Don’t put off adding cybersecurity until tomorrow if you're migrating process controls today. Admittedly, cybersecurity is a daunting endeavor that can be difficult for even the largest and most capable organization to approach; and migration projects are already stressful enough without voluntarily throwing in the cybersecurity monkey wrench.
"Talking about cybersecurity and transitioning to it takes time and requires specialized skill sets, but the main question users have now is: 'Where do I start?'" said Mike Spear, director of global security consulting and operations at Honeywell Process Solutions, and part of a panel of experts from Georgia-Pacific and Honeywell, who detailed their experiences and best practices for cybersecurity during Honeywell Users Group Americas 2019 this week in Dallas. "Cybersecurity is still a big, wide topic, so education is needed, and we're developing more tools and models for it. There's no magic answer, but we're all making progress."
Jarmo Salminen, director of process control engineering at Georgia-Pacific, added, "Today, we wouldn't put in any information technology (IT) systems without cybersecurity, so why should we put in process controls without cybersecurity?"
Though it's a relatively short window, the period when controls are upgraded or replaced can be the perfect time to build in better cybersecurity measures that can protect process applications and systems from ever-evolving cyber probes, intrusions, threats and attacks.
"We're all so dependent on technology in general, and this has extended to process control systems, as well.
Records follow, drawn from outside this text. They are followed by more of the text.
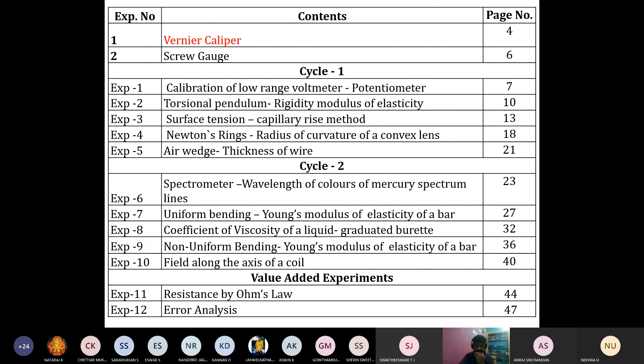We are also going to measure the viscosity of the given liquid using the graduated Murat method. Finally, the last experiment is the field along the axis of the coil, where we measure the resistivity of the medium. So, cycle 1 consists of 5 experiments and cycle 2 consists of another 5 experiments, giving a total of 10 experiments.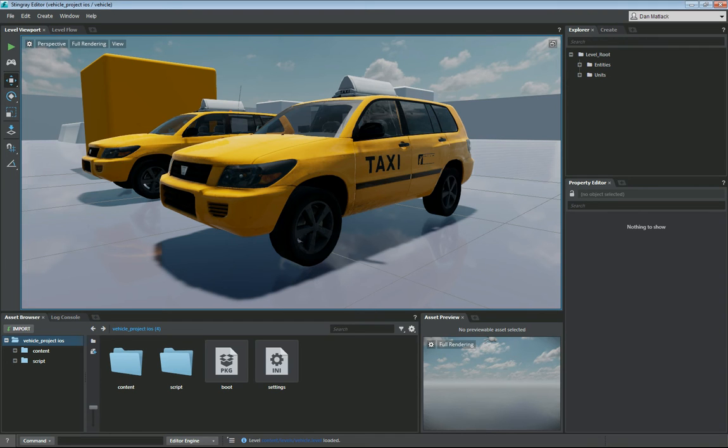The first thing I've done is I've just created a project, a vehicle project space iOS. It can just be a dummy project, any project you're working on will do.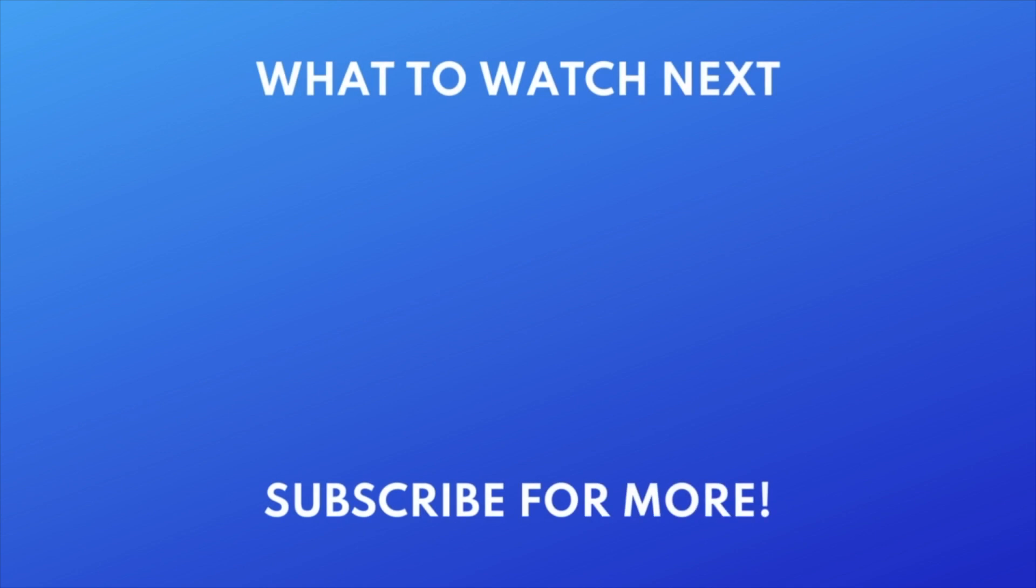Thanks for watching! If you found this video helpful, we'd love it if you'd hit the thumbs up button below and subscribe to our channel. We put out great new tech tutorials like this one every week.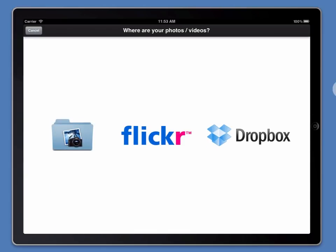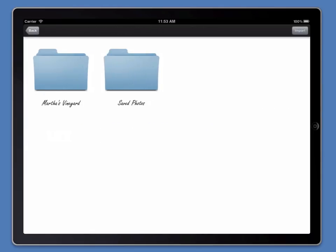You can import photos and videos into Portfolio Pro using the native photos and videos on the iPad, Flickr, or Dropbox. I'm going to show you how to import some photos that are already on the iPad.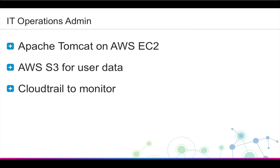Imagine that you are an IT operations admin or developer in charge of an application that you are running with Apache Tomcat on an EC2 instance. You are using S3 for storing user data and are using CloudTrail to monitor your AWS user activity.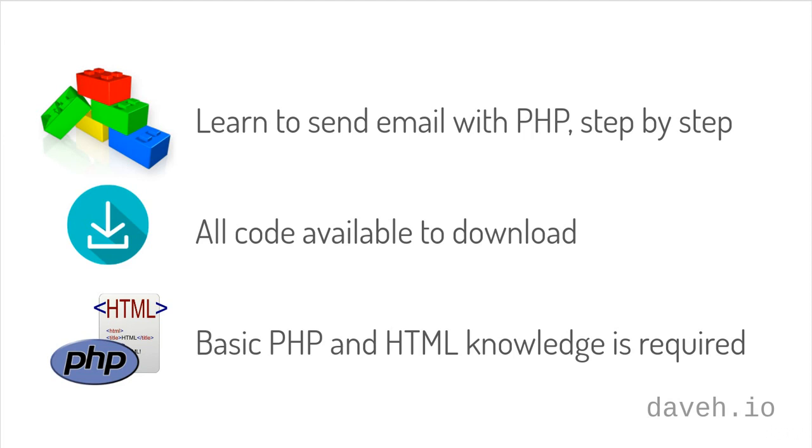Everything else is clearly explained in the course. Feel free to take a look through the course description and the first few lectures, which are available as a free preview. I look forward to seeing you on the course.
As a result, when the pace of cyber attacks increases, control systems are more subject to them, as well," said Donovan Tindill, senior security consultant at Honeywell, who provided context and an introduction for the panel. "However, the risk to process applications is more serious because, while a cyber incident on the IT side can mean the loss of confidentiality and data, the same intrusion or attack on a process application can mean a loss of control, damage to assets and risks to the health of personnel or the community. This is why cybersecurity on the operations technology (OT) side must be part of the process safety effort, as well.
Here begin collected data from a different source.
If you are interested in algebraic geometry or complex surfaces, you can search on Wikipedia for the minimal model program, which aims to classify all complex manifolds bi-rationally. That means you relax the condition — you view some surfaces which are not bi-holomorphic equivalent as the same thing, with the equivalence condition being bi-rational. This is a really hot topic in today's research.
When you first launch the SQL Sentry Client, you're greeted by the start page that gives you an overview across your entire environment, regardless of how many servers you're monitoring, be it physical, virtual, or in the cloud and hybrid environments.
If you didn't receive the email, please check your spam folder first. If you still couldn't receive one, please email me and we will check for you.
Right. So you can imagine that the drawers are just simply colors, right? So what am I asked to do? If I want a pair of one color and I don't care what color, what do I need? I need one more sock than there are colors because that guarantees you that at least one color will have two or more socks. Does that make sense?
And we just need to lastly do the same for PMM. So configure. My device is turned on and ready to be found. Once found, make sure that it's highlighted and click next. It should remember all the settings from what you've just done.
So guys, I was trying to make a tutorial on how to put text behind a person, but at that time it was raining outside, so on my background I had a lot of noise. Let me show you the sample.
"Cybersecurity must be part of any technology conversation, change or upgrade, just as safety is part of any construction conversation,” continued Tindill. “Security is synonymous with reliability, and those who prioritize cybersecurity will have a competitive advantage."
Integrating cybersecurity with migration can help users to take advantage of opportunities, added Tindill, so they can benefit from:
- Improved management-of-change (MOC) tasks, such as creating cybersecurity checklists, enhancing controls access, adding security features and setting up proven baselines to help users follow up on incident responses;
- Better design and engineering processes and procedures, such as assessing risk, selecting secure products, designing for security, secure implementation and testing, vulnerability scans and penetration testing and complying with policies and regulations;
- Reduced number of unplanned outages with critical-patch queuing, improved reboot performance and the ability to trace whether an outage is cybersecurity-related; and,
- Planned outages with better controller changes, major reboots, architectural changes and critical password changes.
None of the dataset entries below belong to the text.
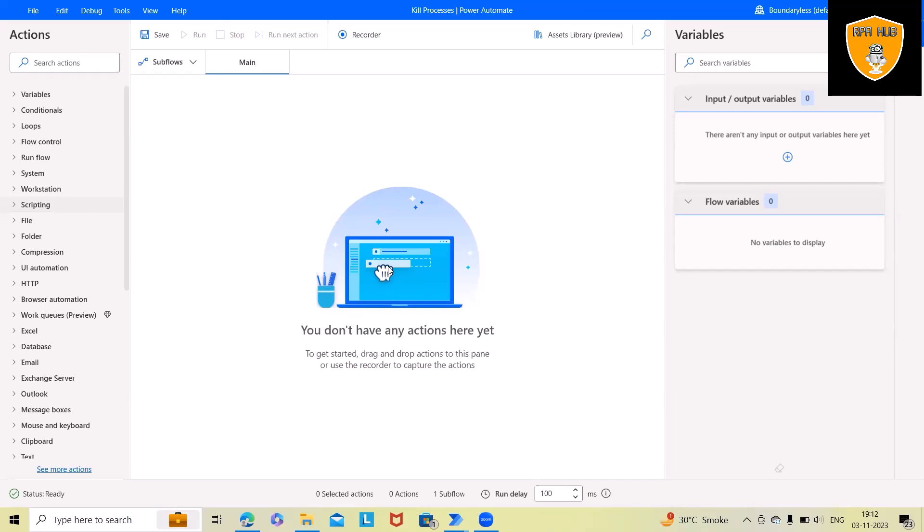In this video we'll discuss how to kill any processes which are running in the background in any system using Microsoft Power Automate. Normally whenever we're using automations, if some of these services are running and we want to kill them, I will explain in detail how we can perform it.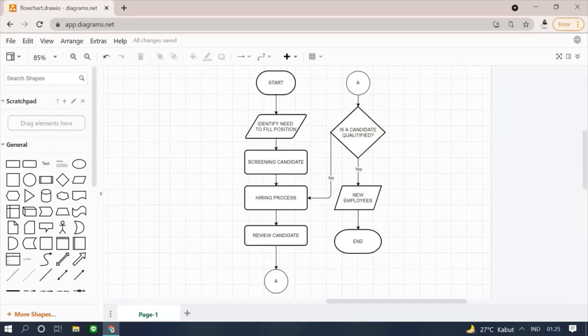You can also use on-page reference symbol and continue the flowchart on the left or right side as shown on the screen.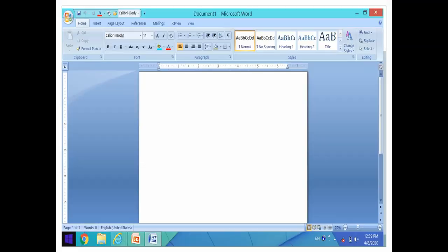It will start and look like this. This is the first or starting window of Microsoft Word.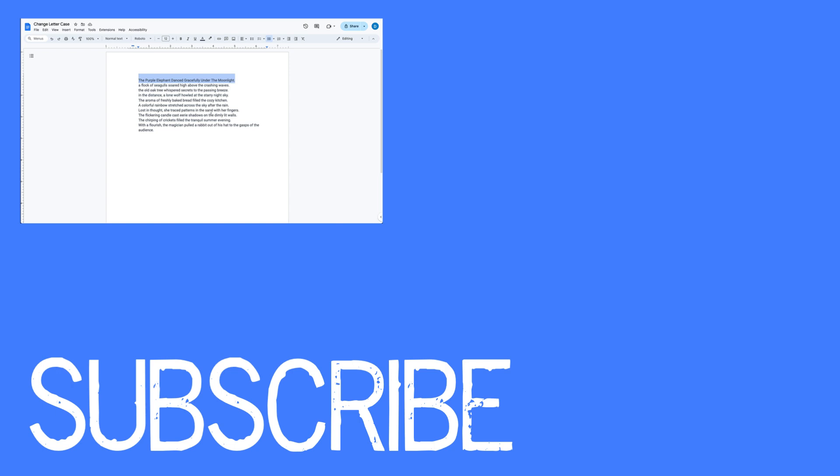If you found this video helpful, please click that like button and subscribe to this channel to view more helpful videos in the future. Also, please be sure to visit my website at therabbitpad.com.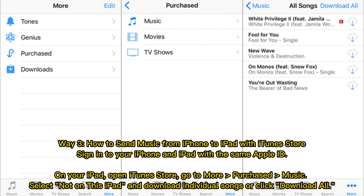Way 3: How to send music from iPhone to iPad with iTunes Store. Sign in to your iPhone and iPad with the same Apple ID. On your iPad, open iTunes Store and go to More Purchased Music. Select Not on this iPad, and download individual songs or click Download All.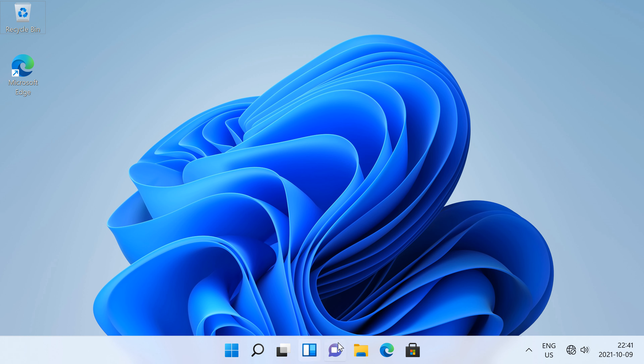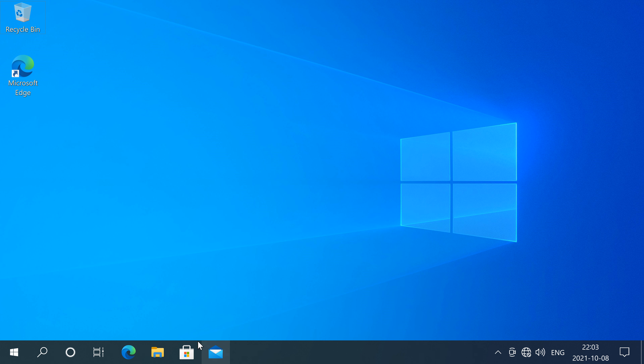In Windows 11 the taskbar icons are centered by default, unlike in Windows 10 and earlier where the taskbar icons are left aligned.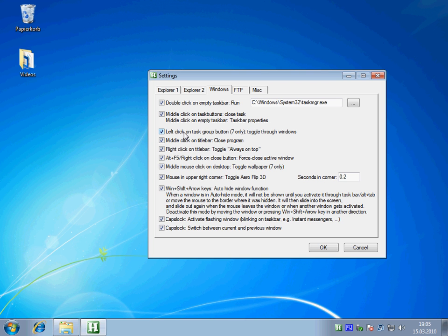And the third one allows you to toggle through windows when you have a window group open and click on it. And then there's another one that allows you to close windows by clicking on the title bar.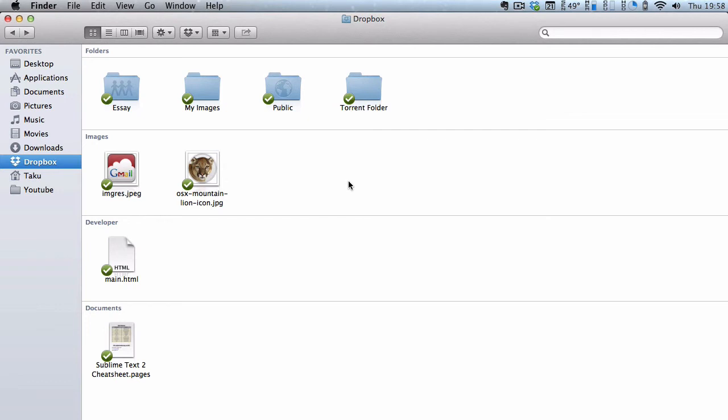So yeah, that was a really neat, easy trick to downloading torrent files remotely using Dropbox or through Dropbox.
"A lot of enhancements can be done before a revamped or new control system goes live," said Tindill. "All these opportunities are where we can improve cybersecurity, but some other factors need to change to keep users ahead of cyber threats."
Just as migrations must be justified before they're funded, designed and specified, adding cybersecurity must clear the same hurdles, although it probably won't be easy.
"It appears that industry is continuing to exclude cybersecurity because research statistics show that more than 1,700 upgrade projects were completed worldwide in 2017 and 2018, but only 12% of them included any cybersecurity scope," added Tindill. "Likewise, more than 1,400 upgrades were planned for 2019, but only 8% of global customer-quote requests specified any cybersecurity scope.
"If end users don't integrate cybersecurity with their migrations, they could miss out on designing their systems to better handle patches or conduct multiple security tests before operations begin," added Tindill. "Migration is the time to make these changes."
Given the challenges of learning about and understanding the rapidly evolving nature of cybersecurity, the panel reported on a range of options for integrating it into individual process applications.
"It definitely helps to begin with a risk assessment because it's not as scary as trying to start with penetration testing," said Mark Littlejohn, director of global managed security services at Honeywell Process Solutions.
Tindill added the main reason many users start a security assessment and begin to consider adopting cybersecurity is because they must. "It's typically in response to an incident in the organization or to a neighbor, or to resolve an external assessment or compliance issue," he added.
"The result of a cybersecurity assessment is a roadmap, which can be extremely helpful," said Spear. "Users also learn the biggest vulnerabilities can come from inside their own four walls. In addition, they learn that North America is still very immature when it comes to cybersecurity because we haven't addressed many of the basics. It's actually less important to worry about China and Iran, and more important to worry about Bob in the plant."
Fortunately, because even a typical DCS migration requires lots of preplanning, adding a cybersecurity assessment is a good idea, even if it's not initially easy, explained Owen Sillett, manager of Honeywell's Global Migration Center of Excellence. "When I talk with users about DCS and networking, many say they only focus on the DCS, while 'those guys over there' do the network and they just observe it," explained Sillett.